McDavid, who was endorsed by the Columbia Professional Firefighters during his campaign earlier this year, said firefighters and police have been a priority for him from the beginning. He said he’s seen other cities cut public safety amid financial woes and wants Columbia to avoid being one of them.
“Cities that manage their resources poorly end up cutting their police and firefighters,” he said. “We have to manage ours wisely.”
To find money for these positions, the council combed through the city's budget and proposed trimming around a dozen areas.
Some of the cuts would affect areas that traditionally have not used all their funding. For instance, the council's printing budget and its reserve account would be cut by $14,000 and $75,000, respectively, because they previously held excess cash. The city’s $100,000 contingency account would also be eliminated; it hasn't been touched in three years.
“Quite honestly, a lot of those cuts are not hugely painful,” First Ward Councilman Paul Sturtz said.
City employees who receive $250 or more in monthly auto allowances would see those payments cut by 25 percent, a move that Thornhill said mainly would affect employees in the upper salary ranges.
The council also cut $60,000 from an original budget of $100,000 for pursuing the Malcolm Baldrige National Quality Award. Winning the award requires changes that increase effectiveness, sustainability and innovation in government. Thornhill said $40,000 is plenty of money to continue working toward the recognition.

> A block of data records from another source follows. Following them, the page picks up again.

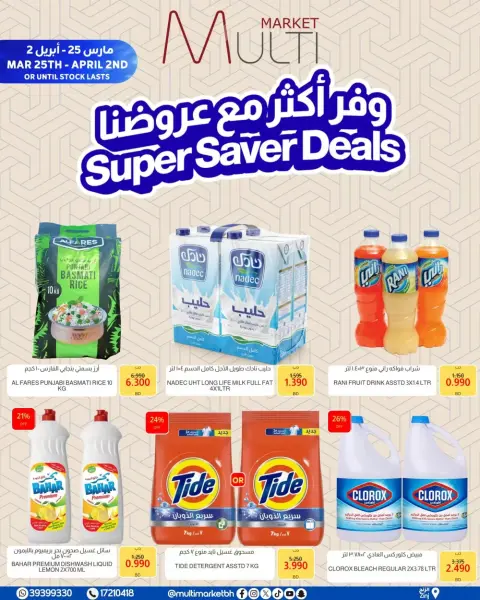 عروض مولتي ماركت الزنج من ٢٥ مارس حتى ٢ أبريل ٢٠٢٦ وفر أكثر مع عروضنا - صفحة 6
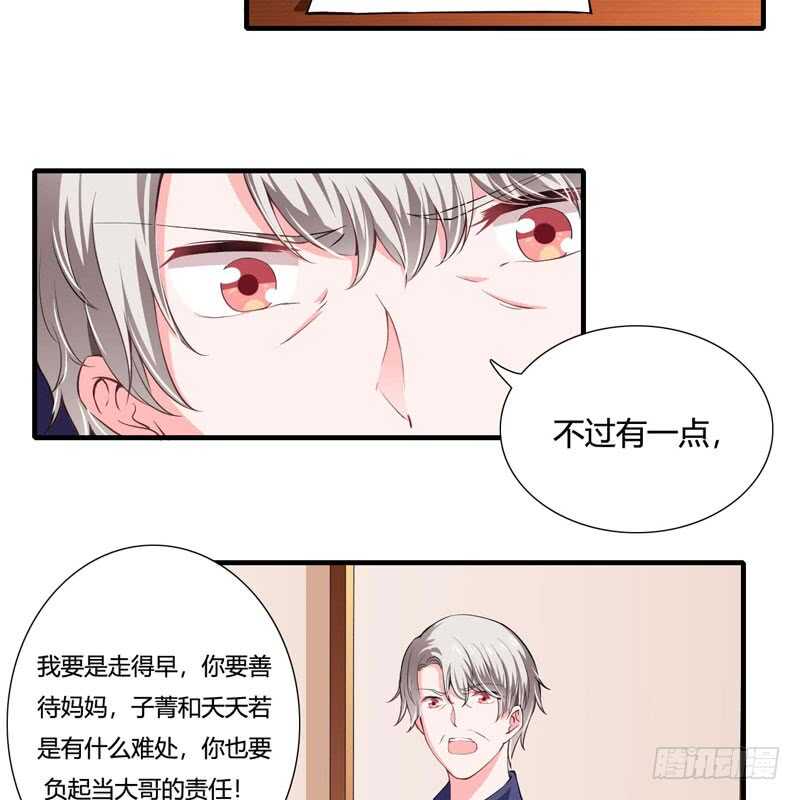 第82话 子意哥看着也没那么坏-第81话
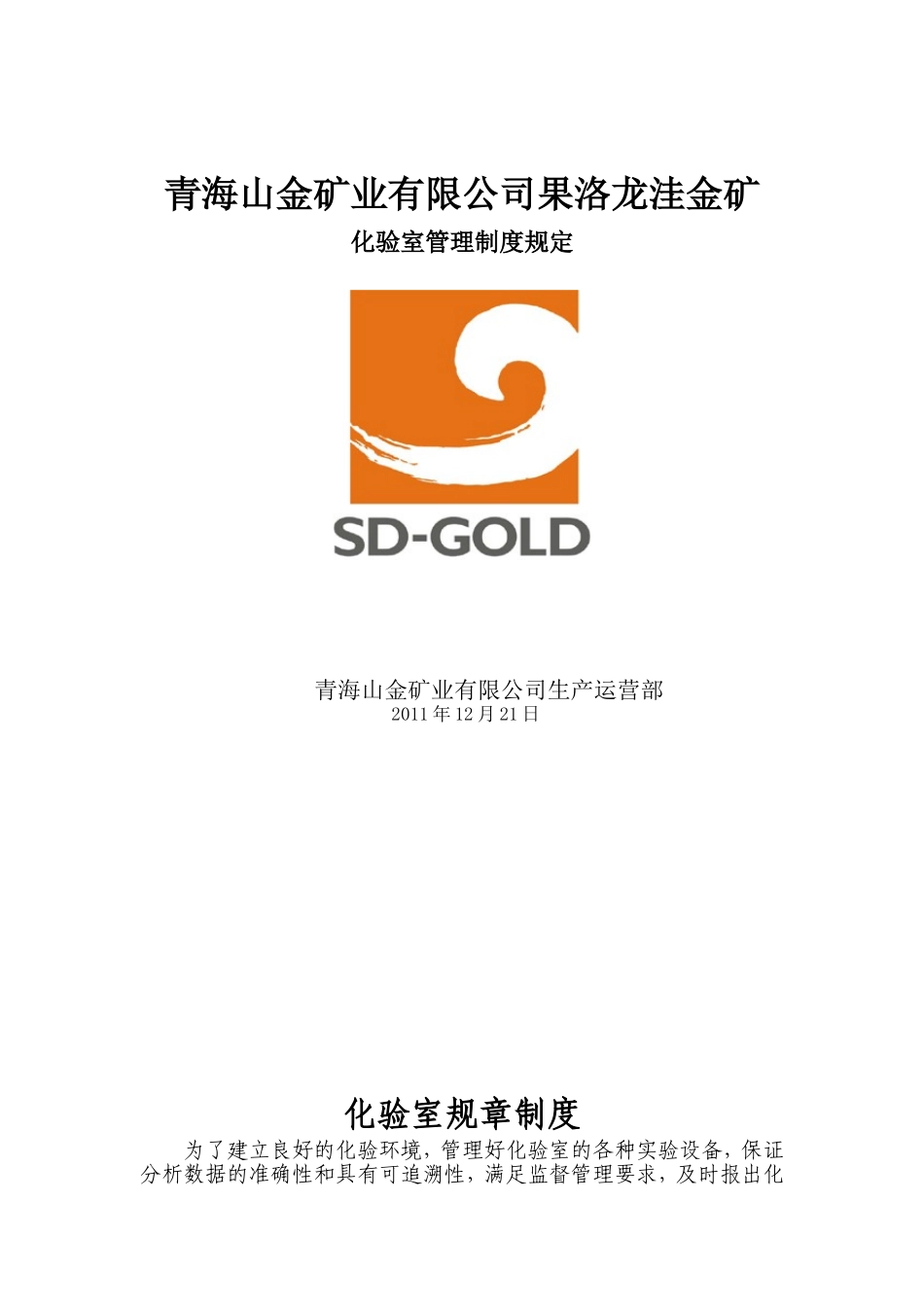 化验室管理制度规定_第1页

Travel and training costs would be cut by about $130,000 across all departments.
FOOD FOR THOUGHT
The council also is considering whether to take money from its food budget. Council members aren’t paid, but they do get free dinners before meetings. Those meals run the gamut, including fish, tacos or Tuesday's smothered chicken steak. Jimmy John's, Boone Tavern, Bambino's Italian Cafe and Chevy's Fresh Mex are common caterers, Kespohl said.
Some council members, including Kespohl, said they could eat in advance without any problem. But Fifth Ward Councilwoman Laura Nauser worried at a work session last week that permanently cutting the food budget might prevent some people from serving on the council.
Even with all these cuts, the mayor cautioned that 2012 will be a tough year, so belt-tightening is likely to continue. For one thing, there’s still the problem of pensions: Ideally, the city is able to fund its employees’ pensions with the interest made from its investments, but the tumultuous stock market forced the city this year to dig into the general fund for $4.2 million to cover pension payments.
McDavid noted that all the cuts being considered for fiscal 2011 don’t come close to covering the amount by which pensions are underfunded: there are four pension plans, and public safety pensions alone were underfunded by $55 million as of September last year.
“The way we look at city finances,” McDavid said, “is we’re not done trying to be frugal when the budget is passed.”